Für Chevalley-Gruppen über p-adischen Körpern und allgemeiner für beliebige Coxeter-Systeme (W,S) (also eine Weyl-Gruppe mit erzeugenden Spiegelungen) hatte Iwahori eine „Hecke-Algebra“ definiert, aus der man einen Teil der Darstellungen von G konstruieren konnte. Weitere Darstellungen erhielt man aus diesen durch sogenannte parabolische Induktion. (Mit einer anderen Definition von Hecke-Algebra war dieser Ansatz von Borel ausgearbeitet worden.) Deligne und Lusztig entwickelten ein allgemeineres Induktionsverfahren, mit dem Lusztig später letztlich alle Darstellungen von G konstruieren konnte.

Drinfeld hatte gezeigt, dass alle Darstellungen in der diskreten Reihe von SL(2,Fq) sich in der etalen Kohomologie der durch die Gleichung xyq-yxq=1 gegebenen affinen Kurve finden lassen. Deligne und Lusztig verallgemeinerten das für andere algebraische Gruppen, wobei die Kurve durch ein Bündel über einer gewissen Varietät zu ersetzen ist.
Beispielsweise konnten sie in einer 1976 veröffentlichten Arbeit eine Vermutung MacDonalds über die Klassifikation der Darstellungen von G=SL(n,Fq) beweisen, indem sie die Fahnenvarietät G/B und auf dieser die Wirkung des Frobenius-Automorphismus betrachteten. Zu nichtnegativen Zahlen αij betrachteten sie die Tupel von Fahnen mit \dim(F_i\cap Frob_q(F_j))=\alpha_{ij}; diese bilden eine Varietät, auf der wieder die Gruppe G wirkt. Die etalen Kohomologiegruppen dieser Varietäten geben Darstellungen der Gruppe; Deligne und Lusztig zeigten, dass man mit dieser Konstruktion alle Darstellungen bekommt. Dabei benutzten sie die zwei Jahre zuvor von Deligne bewiesenen Weil-Vermutungen.

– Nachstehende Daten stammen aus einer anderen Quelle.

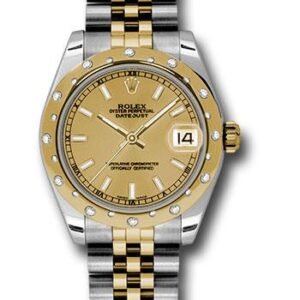 Rolex Steel and Yellow Gold Datejust 31 Watch - 24 Diamond Bezel - Champagne Index Dial - Jubilee Bracelet - 178343 chij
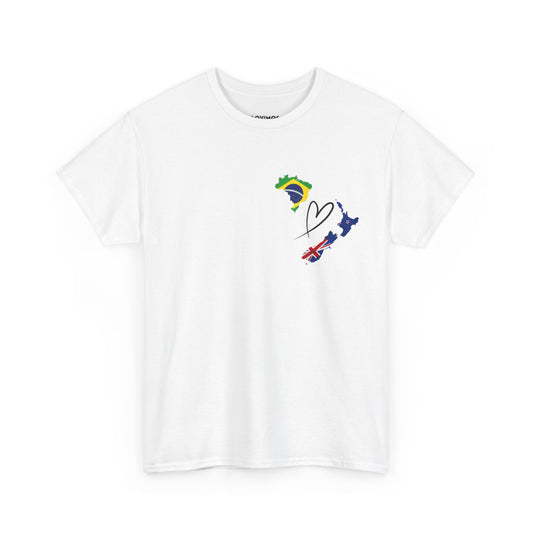 Cozy Unisex Cotton Tee with Brasil & NZ Map Design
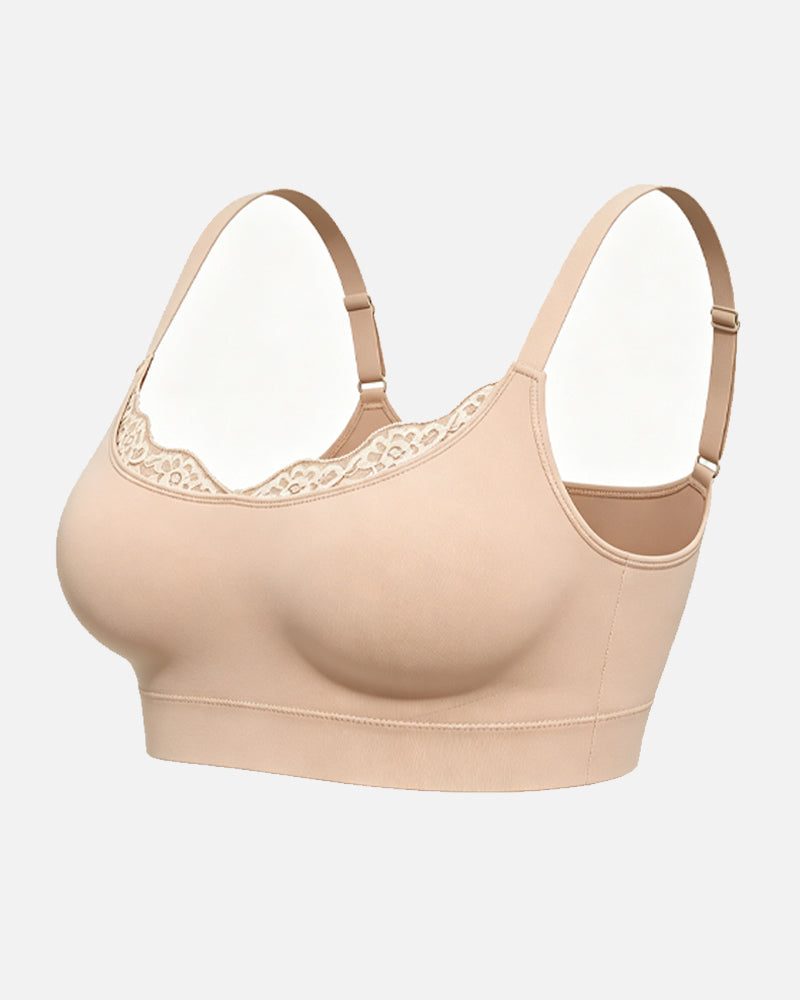 Women's Lace-Trimmed U-Shaped Wire-Free Seamless Comfort Bra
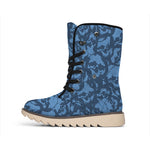 Skull Denim Jeans Pattern Print Winter Boots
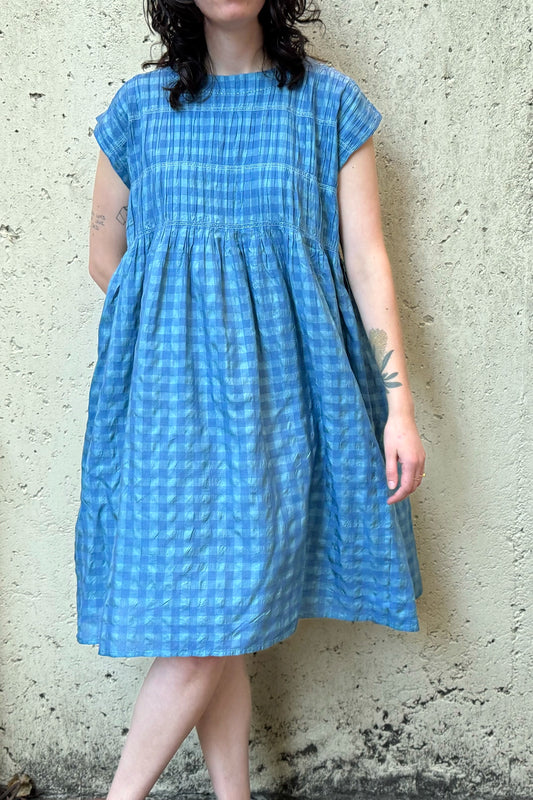 Dve one size cotton silk check Mira dress with gathered bodice in Parisian blue.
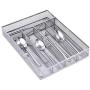 Flatware Organizers 5 Compartments, Metal Mesh Kitchen Utensil Drawer Cutlery Tray with 4 Foam Feet, Silver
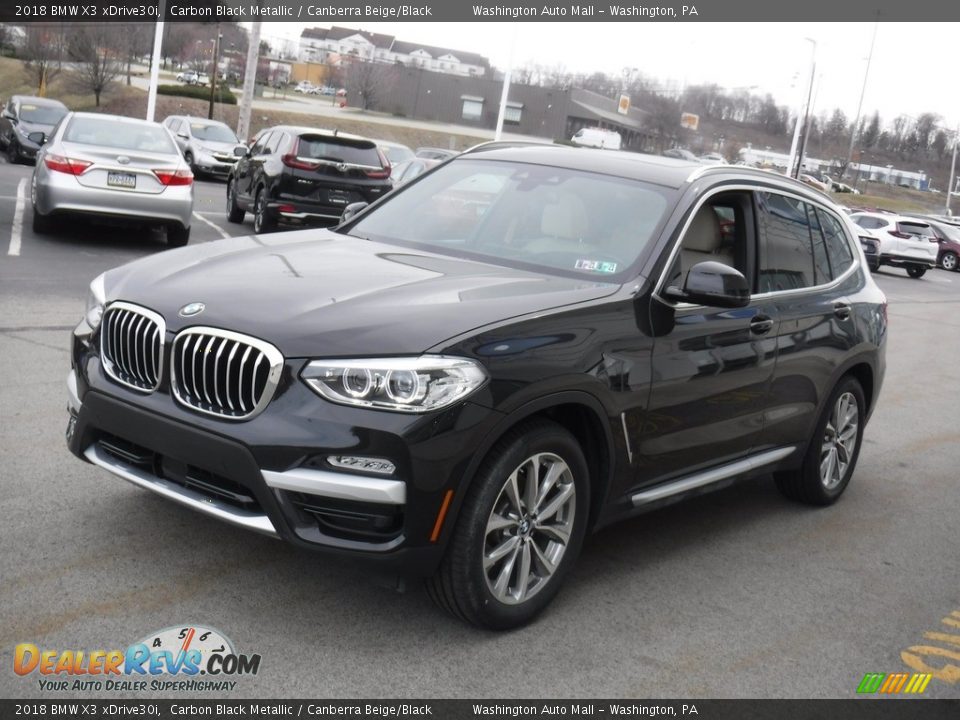 2018 BMW X3 xDrive30i Carbon Black Metallic / Canberra Beige/Black Photo #6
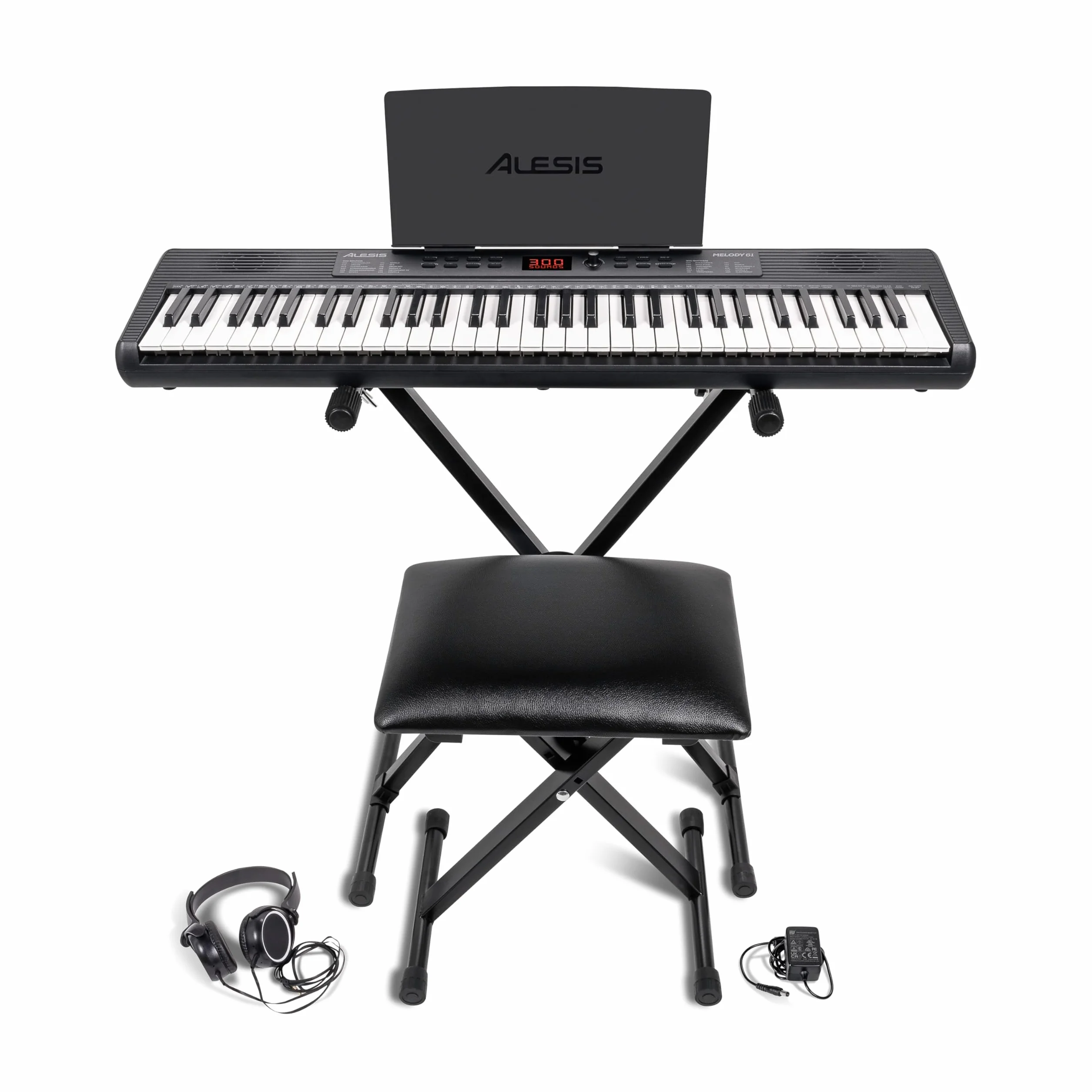 Alesis Melody 61 Pianino dla Początkujących z 61 Klawiszy, Głośniki, Stojak, Ława, Słuchawki, Podpórka pod nuty/tablet, 300 Brzmień i Lekcje gry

Für komplexe halbeinfache Lie-Gruppen hatte T. A. Springer gezeigt, dass die Darstellungen der Weyl-Gruppe den Konjugationsklassen unipotenter Elemente in der Lie-Gruppe entsprechen. Zu einem unipotenten Element u betrachtet man die Varietät aller u enthaltenden Borel-Gruppen und dann die Wirkung der Lie-Gruppe auf der höchst-dimensionalen Kohomologie dieser Varietät. Diese Kohomologiegruppen kann man so zerlegen, dass man auf diese Weise alle irreduziblen Darstellungen der Weyl-Gruppe bekommt. Dieselbe Methode mit l-adischer statt singulärer Kohomologie konnte er auch für algebraische Gruppen über endlichen Körpern verwenden, um alle Darstellungen ihrer Weyl-Gruppen zu bekommen. Dies wurde zum Ausgangspunkt einer gemeinsamen Arbeit von Kazhdan und Lusztig, die eine topologische Konstruktion der Springer-Darstellungen mittels der Steinberg-Varietät fanden. Sie beobachteten gewisse seltsame Effekte in SL(4,C) und entsprechende Effekte in der symmetrischen Gruppe S4 und kamen mit überraschenden Vermutungen zur Darstellungstheorie reduktiver Gruppen.